Stephen Amell in ARROW - Season 1 - "Lone Gunman" | ©2012 The CW/Jack Rowand

Stephen Amell in ARROW - Season 1 - "Lone Gunman" | ©2012 The CW/Jack Rowand

Stars:  Stephen Amell, Katie Cassidy, Paul Blackthorne, Colin Donnell, Susanna Thompson, Colin Salmon, Willa Holland
Writers
: Andrew Kreisberg & Marc Guggenheim from a story by Greg Berlanti and Andrew Kreisberg
Director
: Guy Bee
Network:
The CW, airs Wednesday Nights
Original Telecast
: October 24, 2012

“Lone Gunman” is the most satisfying and successful episode of ARROW to date, and yet it’s the episode that also reveals some of the show’s biggest limitations. Oliver Queen (Stephen Amell) maintains a secret life as a vigilante superhero who pursues villains from a list of the most corrupt, wealthy residents of Starling City.  Once he’s cornered them, his intention is to use his skills with a bow and arrow to force them into confessing their sins.  While Oliver’s back-story as a left-for-dead castaway on a mysterious island, his secret identity as a billionaire playboy, and his struggle to fit into the high society life he no longer feels connected to are all compelling, Oliver’s quest to bring villains to justice has not been thus far.  “Lone Gunman” hopes to turn that around.
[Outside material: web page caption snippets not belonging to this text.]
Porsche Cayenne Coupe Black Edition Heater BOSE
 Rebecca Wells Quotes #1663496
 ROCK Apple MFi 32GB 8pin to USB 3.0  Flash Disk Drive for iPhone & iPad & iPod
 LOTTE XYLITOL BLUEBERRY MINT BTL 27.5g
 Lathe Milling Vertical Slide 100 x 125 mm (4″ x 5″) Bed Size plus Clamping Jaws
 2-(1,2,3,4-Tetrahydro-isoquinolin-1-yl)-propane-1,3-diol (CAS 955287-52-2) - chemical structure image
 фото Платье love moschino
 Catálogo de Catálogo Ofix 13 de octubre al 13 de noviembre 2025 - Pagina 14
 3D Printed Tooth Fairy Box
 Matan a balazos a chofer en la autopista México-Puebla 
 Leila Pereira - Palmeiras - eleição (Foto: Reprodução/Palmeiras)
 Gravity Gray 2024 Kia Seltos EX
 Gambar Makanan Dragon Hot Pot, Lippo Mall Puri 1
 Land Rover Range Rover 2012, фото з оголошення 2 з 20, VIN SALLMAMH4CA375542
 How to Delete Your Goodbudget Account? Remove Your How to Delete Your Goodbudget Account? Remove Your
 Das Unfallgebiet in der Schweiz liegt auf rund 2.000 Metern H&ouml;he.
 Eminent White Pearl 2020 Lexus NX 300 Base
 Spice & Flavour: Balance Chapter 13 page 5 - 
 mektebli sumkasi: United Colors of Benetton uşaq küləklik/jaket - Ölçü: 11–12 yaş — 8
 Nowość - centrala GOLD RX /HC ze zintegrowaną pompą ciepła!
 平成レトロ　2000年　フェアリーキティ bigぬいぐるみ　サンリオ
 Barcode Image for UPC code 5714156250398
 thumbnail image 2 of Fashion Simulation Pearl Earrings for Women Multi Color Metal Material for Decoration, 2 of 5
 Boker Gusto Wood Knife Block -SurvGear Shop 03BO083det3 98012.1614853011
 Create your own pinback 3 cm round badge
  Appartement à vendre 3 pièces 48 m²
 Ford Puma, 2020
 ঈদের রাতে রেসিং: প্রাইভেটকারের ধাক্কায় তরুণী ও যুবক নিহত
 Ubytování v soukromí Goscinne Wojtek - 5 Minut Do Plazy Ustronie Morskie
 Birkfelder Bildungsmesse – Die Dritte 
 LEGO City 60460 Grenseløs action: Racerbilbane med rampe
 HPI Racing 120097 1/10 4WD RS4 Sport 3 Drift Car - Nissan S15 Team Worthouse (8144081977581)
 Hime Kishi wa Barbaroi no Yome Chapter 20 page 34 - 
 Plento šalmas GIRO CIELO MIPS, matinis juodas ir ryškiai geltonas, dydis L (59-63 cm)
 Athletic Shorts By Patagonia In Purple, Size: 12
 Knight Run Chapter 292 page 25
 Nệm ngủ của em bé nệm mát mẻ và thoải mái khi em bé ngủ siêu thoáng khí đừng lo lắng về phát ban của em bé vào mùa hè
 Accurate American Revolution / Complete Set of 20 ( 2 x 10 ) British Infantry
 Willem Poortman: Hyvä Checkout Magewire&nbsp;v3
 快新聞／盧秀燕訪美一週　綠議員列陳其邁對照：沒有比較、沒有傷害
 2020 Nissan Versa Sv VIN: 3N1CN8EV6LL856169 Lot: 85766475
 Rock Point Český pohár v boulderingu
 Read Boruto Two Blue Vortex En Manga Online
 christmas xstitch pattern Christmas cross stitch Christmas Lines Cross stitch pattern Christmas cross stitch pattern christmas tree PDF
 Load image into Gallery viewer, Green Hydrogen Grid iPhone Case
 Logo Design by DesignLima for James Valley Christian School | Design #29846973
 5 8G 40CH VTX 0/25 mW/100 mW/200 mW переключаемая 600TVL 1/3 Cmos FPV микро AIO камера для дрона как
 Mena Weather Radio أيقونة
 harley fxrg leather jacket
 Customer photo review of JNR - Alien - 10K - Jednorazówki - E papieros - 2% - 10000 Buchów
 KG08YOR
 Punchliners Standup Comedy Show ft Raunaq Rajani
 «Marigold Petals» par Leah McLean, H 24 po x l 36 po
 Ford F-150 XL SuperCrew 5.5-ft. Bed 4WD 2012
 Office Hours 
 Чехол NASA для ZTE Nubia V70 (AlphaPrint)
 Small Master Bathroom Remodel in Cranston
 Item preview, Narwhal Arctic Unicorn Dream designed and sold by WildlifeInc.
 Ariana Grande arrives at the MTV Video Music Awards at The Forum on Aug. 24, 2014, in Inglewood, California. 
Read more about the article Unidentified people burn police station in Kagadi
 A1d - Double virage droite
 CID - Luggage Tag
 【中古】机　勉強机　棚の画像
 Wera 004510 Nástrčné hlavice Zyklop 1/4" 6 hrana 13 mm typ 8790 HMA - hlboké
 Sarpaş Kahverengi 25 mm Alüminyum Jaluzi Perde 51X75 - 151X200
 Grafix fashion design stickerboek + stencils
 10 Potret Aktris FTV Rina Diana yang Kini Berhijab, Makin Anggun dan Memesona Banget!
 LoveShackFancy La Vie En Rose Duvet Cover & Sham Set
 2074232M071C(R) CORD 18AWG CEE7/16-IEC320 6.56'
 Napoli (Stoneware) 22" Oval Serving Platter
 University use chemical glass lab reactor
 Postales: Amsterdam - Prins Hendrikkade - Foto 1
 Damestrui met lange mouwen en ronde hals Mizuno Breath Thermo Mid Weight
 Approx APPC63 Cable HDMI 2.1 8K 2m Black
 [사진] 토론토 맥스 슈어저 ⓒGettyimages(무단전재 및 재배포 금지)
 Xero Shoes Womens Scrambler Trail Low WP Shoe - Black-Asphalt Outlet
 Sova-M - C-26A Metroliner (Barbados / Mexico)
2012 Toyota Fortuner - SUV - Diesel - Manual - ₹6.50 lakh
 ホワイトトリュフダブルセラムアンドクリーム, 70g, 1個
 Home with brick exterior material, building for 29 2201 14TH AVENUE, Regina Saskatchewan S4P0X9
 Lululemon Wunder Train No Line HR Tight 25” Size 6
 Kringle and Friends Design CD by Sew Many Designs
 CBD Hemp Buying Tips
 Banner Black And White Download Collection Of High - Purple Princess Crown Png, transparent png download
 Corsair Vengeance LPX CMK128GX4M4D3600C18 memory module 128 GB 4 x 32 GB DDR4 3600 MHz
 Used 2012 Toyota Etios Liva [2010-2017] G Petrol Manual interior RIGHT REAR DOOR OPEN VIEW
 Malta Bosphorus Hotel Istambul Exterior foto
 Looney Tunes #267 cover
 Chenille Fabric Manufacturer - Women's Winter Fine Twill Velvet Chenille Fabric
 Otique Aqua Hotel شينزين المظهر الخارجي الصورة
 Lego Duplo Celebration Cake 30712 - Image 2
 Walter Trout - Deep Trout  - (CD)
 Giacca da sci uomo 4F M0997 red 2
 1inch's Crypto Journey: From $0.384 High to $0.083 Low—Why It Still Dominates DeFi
The episode begins with Oliver holding another corrupt businessman at arrow-point, trying to compel a confession from said businessman for selling defective fire safety products that resulted in many deaths.  But before that confession arrives, his prey is shot dead by a mysterious assailant who uses a poison tipped bullet.  Not long after, Oliver determines that this sniper is the much-feared assassin known to Interpol as “Deadshot,” a killer so brazen that he tattoos the names of his victims on his body after each completed mission – a canvass that is filling up fast.  (Although he’s curiously left the perfect space open on his forearm for tonight’s victim.   Seems like that prime piece of real estate would have been covered up sooner).

In any event, this is all a pretty good start.   ARROW really needs a strong and threatening antagonist for Oliver, and I began to believe Deadshot could fit that bill.  But it appears the show’s strength isn’t in the building of suspense, nor is it in its action set pieces, (and it doesn’t seem to have the budget for those anyway).  What ARROW does have going for it is an attractive cast, a developing love triangle between Oliver, his estranged ex-girlfriend Laurel Lance (Katie Cassidy), and his best friend Tommy Merlyn (Colin Donnell), (who Oliver learns had been sleeping together while he was lost at sea), and a bunch of family drama between his self-destructive, hard partying sister, Thea Queen (Willa Holland), and his aloof mother, Moira Queen, (Susanna Thompson) who is unable to discipline Thea after years of neglecting her.  The best moments in “Lone Gunman” come from the sparks that fly when Oliver tries to navigate those relationships, and not from his tracking of the assassin.  ARROW wants to spend more time with these stories, and it should.  It’s better at telling them.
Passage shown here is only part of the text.